The Sun Documentation
Some times, Sun likes to hide things from me. The dynamic nature of the World Wide Web is its most cussed feature. Everything can change in the blink of an eye, and nothing is ever where you saw it last. The normal Sun document repository only has documentation for SMS versions through 1.2 in the obvious place. The current version is 1.6. No mention is even made of the E25k.
Lest you fall into maddening despair, the documents in question are located here for now, and are available in many languages which you don’t speak.
Domains
One of the things about domains that I forgot to mention last time is what they aren’t. Domains are not virtual machines like VMWare. They are not software partitions like Sun’s Solaris 10 Zones. Domains are more like hardware partitions. Each domain requires that you dedicate hardware resources (like SBs, IO boards, network cards, disk drives, etc) to that domain, and only that domain. You cannot share a 4 CPU System Board between two domains.
Also, the 15k – 25k systems handle domains a little differently from the E10k. On the E10k, you could create up to 16 domains. Each domain had some associated house-keeping data on the SSP that it needed, including a firmware image. This firmware image had to be generated at the time of domain creation, and sometimes you had to call Sun to get this generation to work correctly.
The 15k – 25k systems are capable of 18 domains, all of which are configured at the factory. You never have to “create” a domain. It already exists. This is achieved by the SMS software creating firmware images and the other associated house-keeping stubs for domains labeled A – R. Again, these domains always exist, even if there are no boards assigned to them. Obviously, you can’t boot a domain that doesn’t have the necessary hardware (System Board, IO Board, Network Card, SCSI Interface connected to at least one hard disk).
I1 and I2 networks
There are two built-in networks that are internal to the platform. They are called the I1 Management Network and I2 Management network. I1 is used for the System Controllers to communicate house-keeping data with the individual domains. Each SC has an IP address in the I1 range, and each domain has an IP address in the I1 range. The I2 network is reserved for house-keeping data that passes from System Controller to System Controller. Each of the two SCs has an IP address in the I2 range. It is sufficient to use RFC 1918 Private Addresses for both of these ranges.
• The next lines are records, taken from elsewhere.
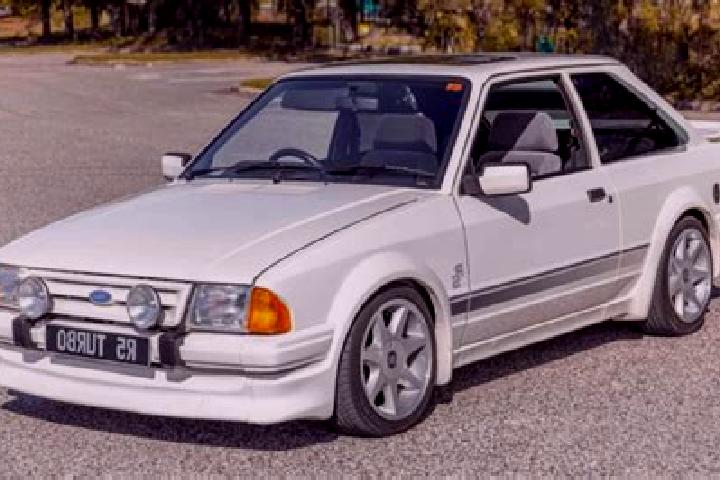 escort Sedandang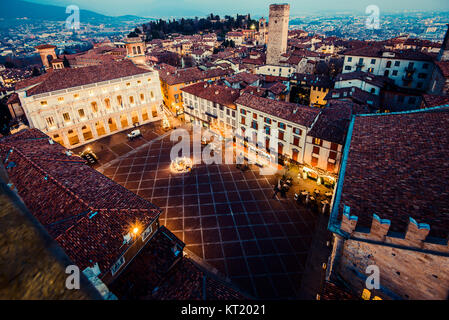 Bergamo Alta Altstadt bei Sonnenuntergang - S. Maria Maggiore Piazza Vecchia - Lombardei Italien Stockfoto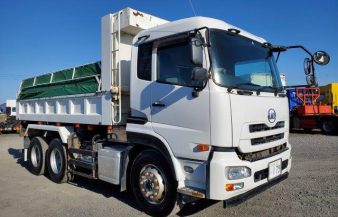 [ ID 1635478089 ] H27 UD Trucks Dump truck Mileage 280,000 km ShinMaywa body 380 horsepower Vehicle inspection until January R4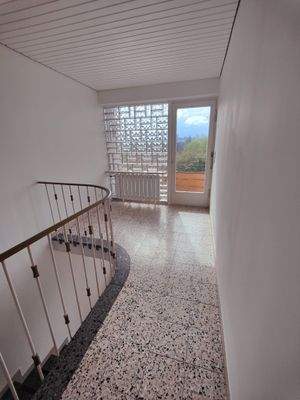 Treppenhaus Obergeschoss mit Ausgang Balkon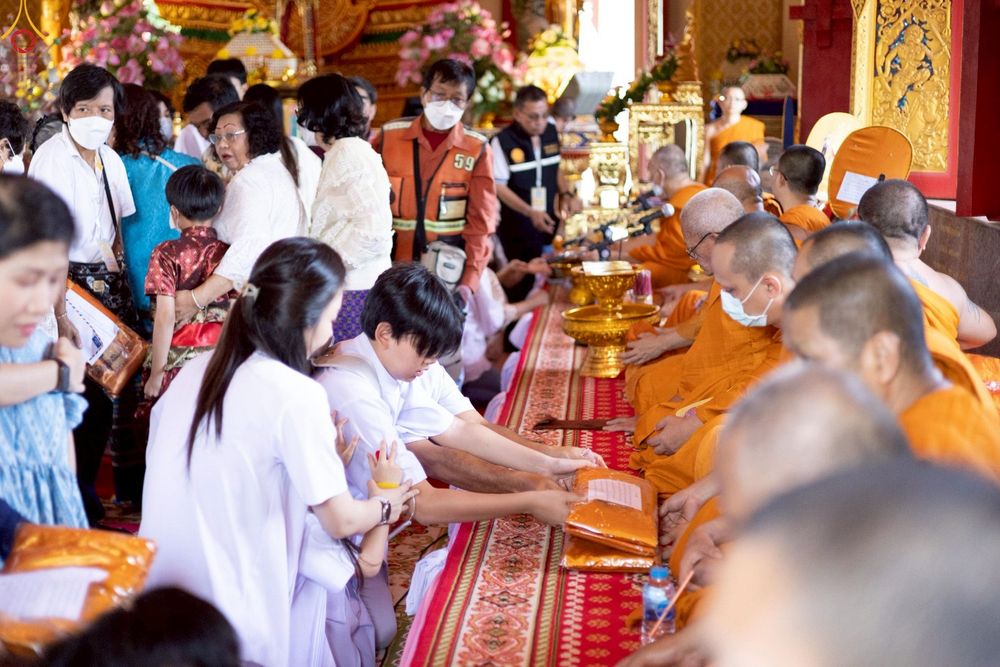 ภาพ No.259140:วันที่ 19 ตุลาคม พ.ศ. 2568 พิธีทอดกฐินสามัคคีทั่วไทย 30,000 วัด โดยคณะศิษยานุศิษย์ บูชาธรรม 81 ปี หลวงพ่อธัมมชโย ณ วัดภาณุรังษี แขวงบางพลัด  เขตบางพลัด กรุงเทพมหานคร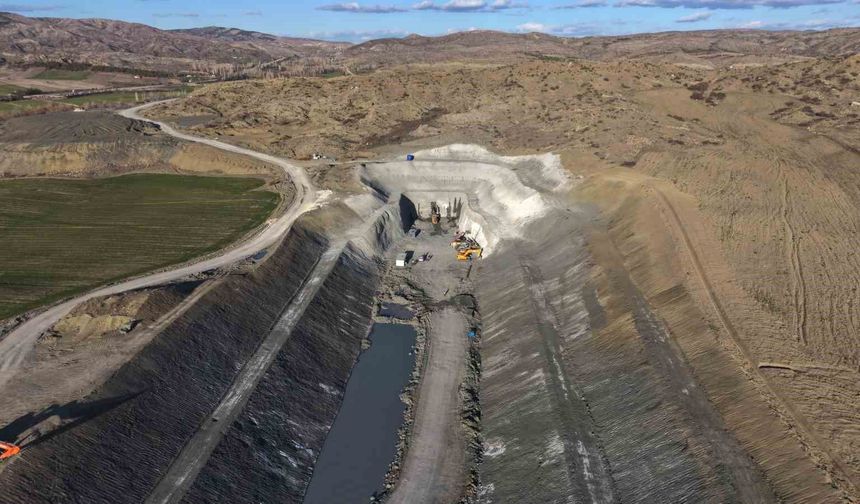 Bakan Uraloğlu: 'Delice-Çorum Hızlı Tren Hattı'nda fiziki ilerleme yüzde 25'e yaklaştı'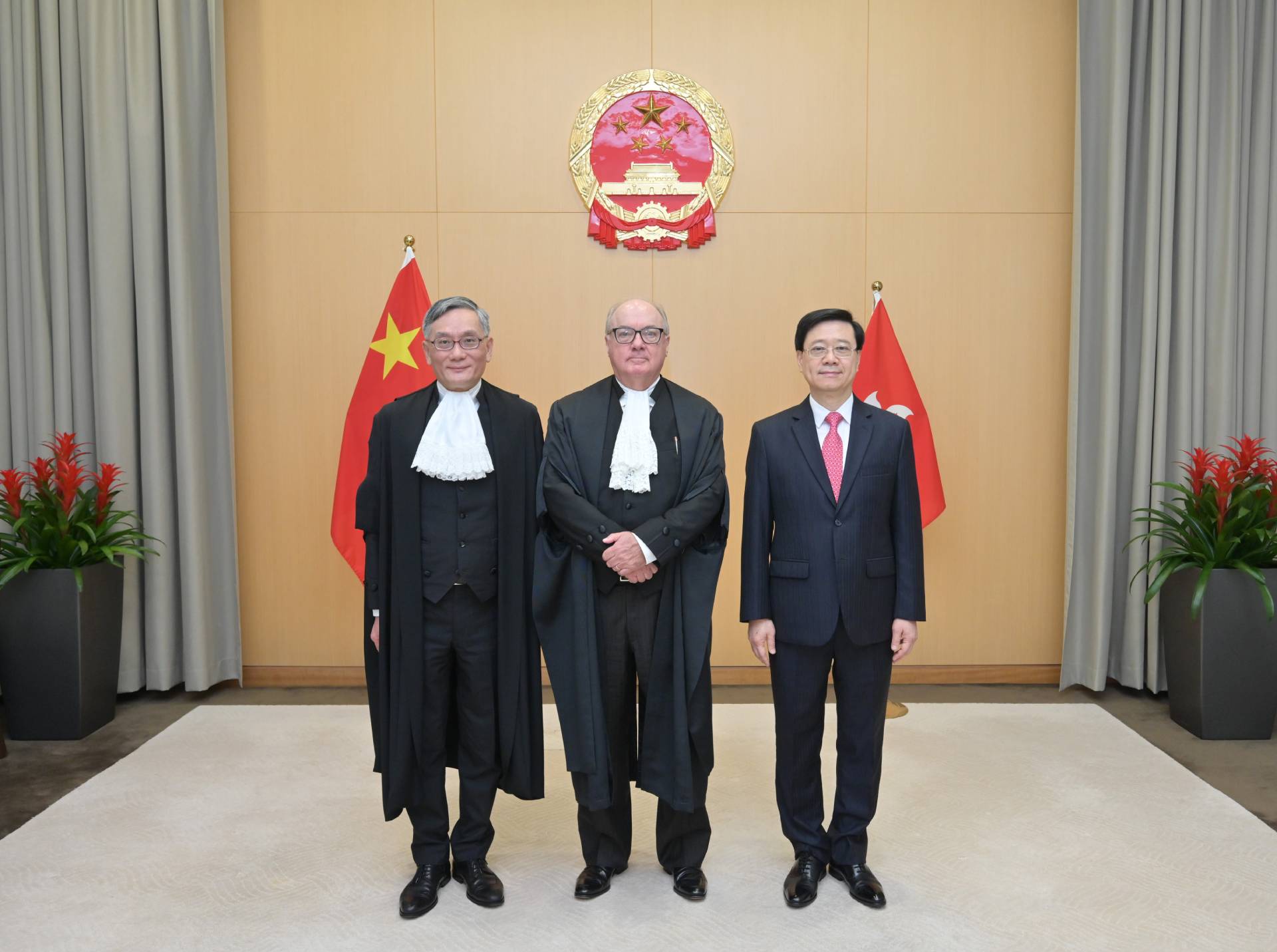 祈显义法官（中）获委任为终审法院其他普通法适用地区非常任法官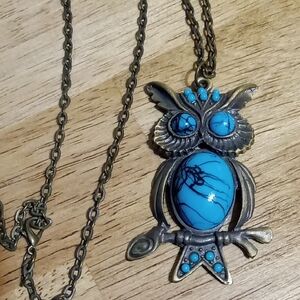 Vintage Brass Tone & Turquoise Owl Pendant Necklace 15 1/2 Chain 2 3/4 Pendant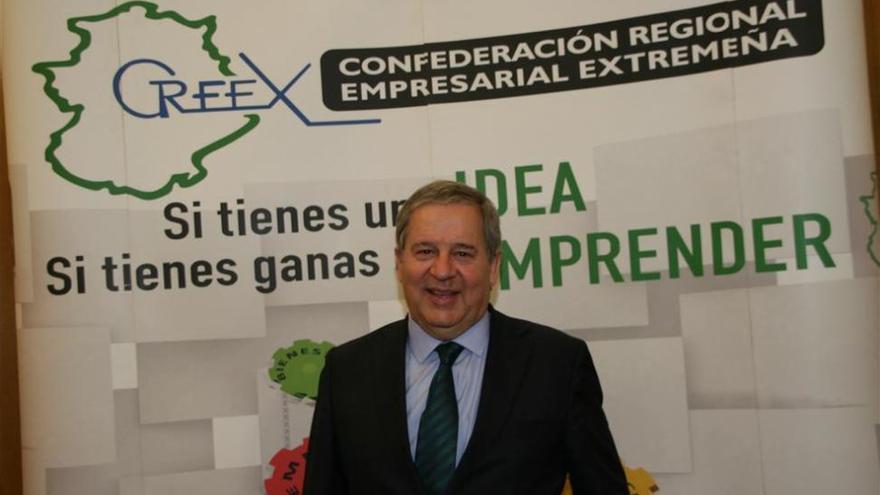 Pedro Castro sustituye a Antonio Masa como presidente de los empresarios extremeños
The Sun Fire E25K/E20K Systems Site Planning Guide contains a nice worksheet for you to plan your network and domain layout.
On to the actual commands!
Platform control is performed by logging onto the System Controller via Secure Shell (SSH), and issuing the appropriate commands. This shouldn’t come as any surprise to those of you who are already UNIX systems people, but the E25k is a UNIX system. You don’t get a GUI because you really don’t need a GUI to get your work done. The hostview GUI that was available on the E10k is gone. It never worked well to begin with.
showplatform
As I have said before, domains are collections of System Boards and IO Boards. We will use two main commands to view platform status, showplatform and showboards.
The output from showplatform is quite verbose, so I will trim some of it:
$ showplatformPLATFORM:=========Platform Type: Sun Fire E25K
CSN:====Chassis Serial Number: xxxxxxxxxx
COD:====Chassis HostID: xxxxxxxxxxxxxProc RTUs installed: 0PROC Headroom Quantity: 0Proc RTUs reserved for domain A: 0Proc RTUs reserved for domain B: 0Proc RTUs reserved for domain C: 0...
Available Component List for Domains:=====================================Available Component List for domain spiderman: No System boards No IO boards
Available Component List for domain batman: No System boards No IO boards...
Domain Ethernet Addresses:==========================Domain ID Domain Tag Ethernet AddressA spiderman 0:0:be:ff:ff:58B batman 0:0:be:ff:ff:59C superman 0:0:be:ff:ff:5aD hulk 0:0:be:ff:ff:5bE zaphod 0:0:be:ff:ff:5cF tardis 0:0:be:ff:ff:5dG montmorency 0:0:be:ff:ff:5eH yoda 0:0:be:ff:ff:5fI tick 0:0:be:ff:ff:60J spoon 0:0:be:ff:ff:61K wallace 0:0:be:ff:ff:62L gromit 0:0:be:ff:ff:63M crabtree 0:0:be:ff:ff:64N zelda 0:0:be:ff:ff:65O link 0:0:be:ff:ff:66P mario 0:0:be:ff:ff:67Q peach 0:0:be:ff:ff:68R - 0:0:be:ff:ff:69
Domain configurations:======================Domain ID Domain Tag Solaris Nodename Domain StatusA spiderman spiderman Running SolarisB batman batman Running SolarisC superman superman Running SolarisD hulk hulk Running SolarisE zaphod - Keyswitch StandbyF tardis tardis Running SolarisG montmorency montmorency Running SolarisH yoda - Keyswitch StandbyI tick tick Running SolarisJ spoon - Keyswitch StandbyK wallace wallace Running SolarisL gromit gromit Running SolarisM crabtree - Powered OffN zelda zelda Running SolarisO link - Keyswitch StandbyP mario mario Running SolarisQ peach peach Running SolarisR - - Powered Off
The most interesting parts of this are the second section and the last two sections. The second section lists the chassis serial number. This is very useful when you have to call Sun about a problem with your E25k. The second-to-last section shows that there are Ethernet MAC addresses assigned to a
ll domains A – R, even though domain R hasn’t really been configured.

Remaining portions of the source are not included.